Generally, our counselling service is for students. However, staff may attend if there is a crisis situation or problem they need immediate assistance. The counsellors are able to provide one-off sessions and may then refer the staff member to an appropriate service or the Employee Assistance Program .

Staff who are concerned about a student or student-related situation are welcome to contact a counsellor to discuss the matter. The staff member does not need to disclose the student’s identity.

Disability service

The Disability Advisor can be contacted if you wish to make a referral, gain information in relation to staff or students who have a disability, discuss what constitutes an appropriate accommodation, or gain information regarding your legal obligations in relation to the Disability Discrimination Act and university policy.

Referring students

If you wish to refer a student to our service, you can pass on our contact details to the student who can then ring to book an appointment or simply come in. If the student is very distressed, or you have concerns about their safety, we will endeavour to see them that day. You can speak to the reception staff about any available appointment times, or ask to speak directly with a counsellor. There is also a drop-in counselling service for students Monday-Friday between 11am-12.30pm.

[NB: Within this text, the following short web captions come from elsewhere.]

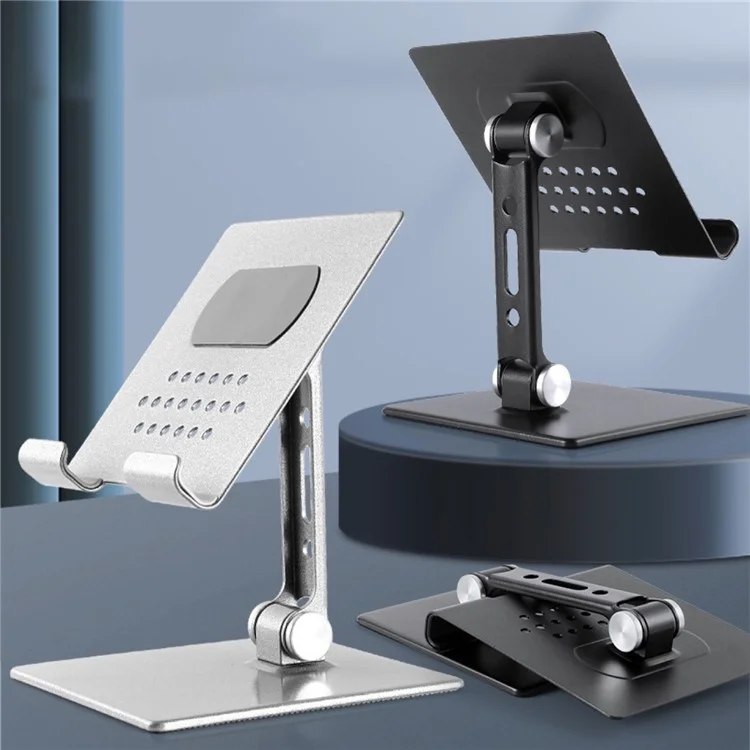 Регулируемый Настольный Компьютер Lazy Mobile Plaint Holder Stand Metal Metal Metal Plable Thone Bracket - Черный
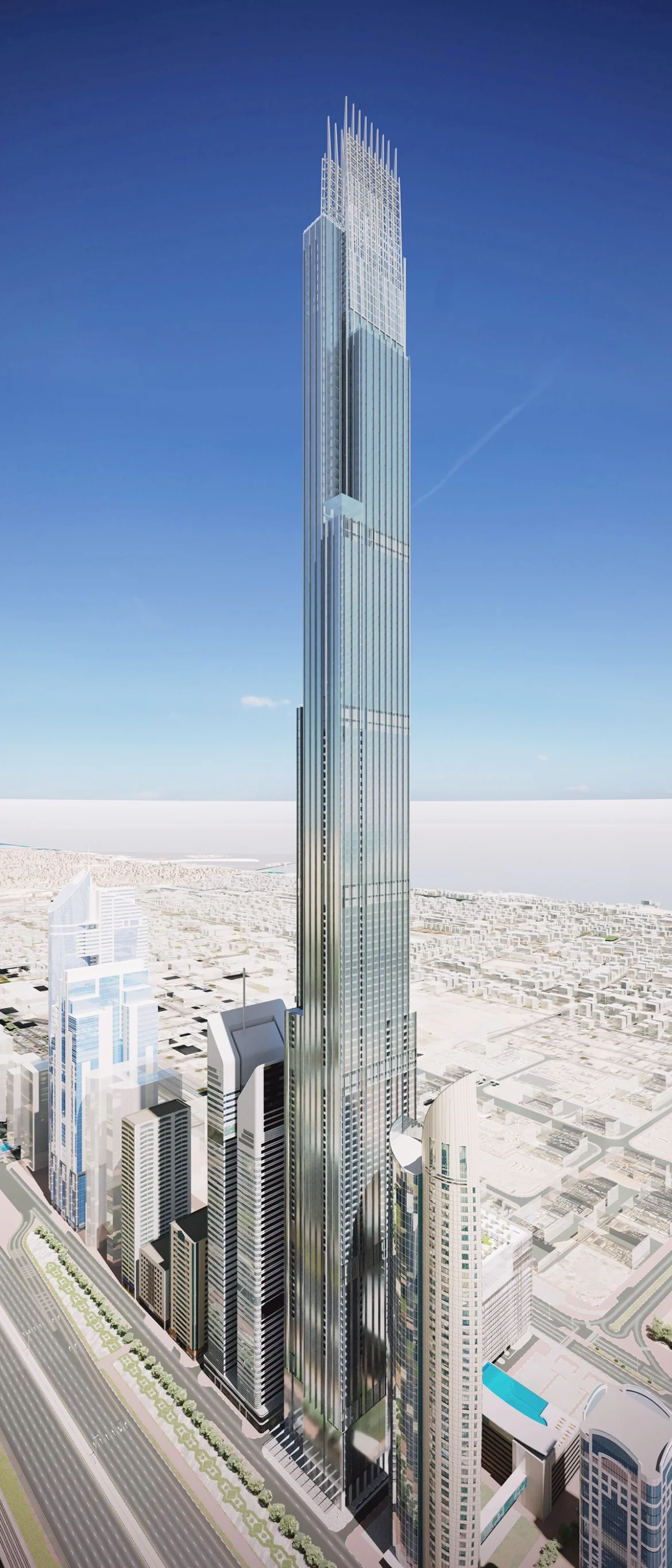 Dubai's Burj Azizi height
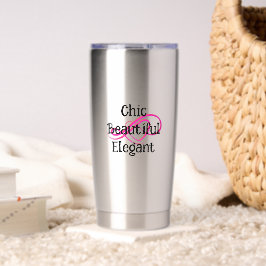 Botella Aislada Chic, Beautiful, Elegant Mug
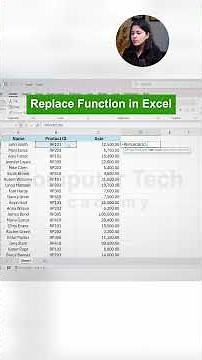 Replace Function in MS Excel | Computer Tech Academy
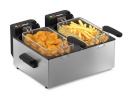 Tristar fritüür Double deep fryer | FR-9342 | Power 3600 W | Capacity 6 L | hõbedane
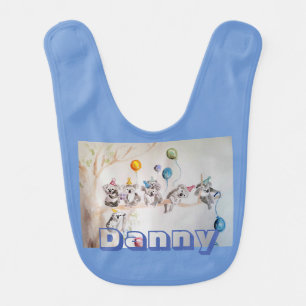 Koala Bear Watercolour Cute animal Baby Boy Bib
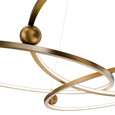 WAC Lighting PD4156 Sidewinder LED Chandelier, 3000K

Difficult situations and stress

Often staff have to deal with stressful or difficult situations, especially at busy times of the year. Some ideas about how to deal with difficult behaviours are set out below. Tips on managing stress are part of our self-help information.

Dealing with difficult behaviours

There may be times in your work that you are faced with managing difficult situations with students, the public or colleagues. These tips may assist to manage the situation in the most constructive way possible.

Use techniques that encourage good information flow. They save time and aggravation.

Attending

Signal verbally and/or physically your openness and willingness to listen.

  • Respond verbally to phone caller…yes, uhuh…
  • Appropriate eye-contact, body language to customers calling in person.
  • Proximity, position.
  • Making notes helps with summaries and closure (especially if situation seems difficult).

Responding

Signalling that you are getting the message in terms of content and/or feelings.

Use active listening: reflecting back feelings and content; asking clarifying questions; summarising what they have said ...

Calming

Calming emotions makes for a clearer message. Be prepared to repeat information maintaining a calm and even tone.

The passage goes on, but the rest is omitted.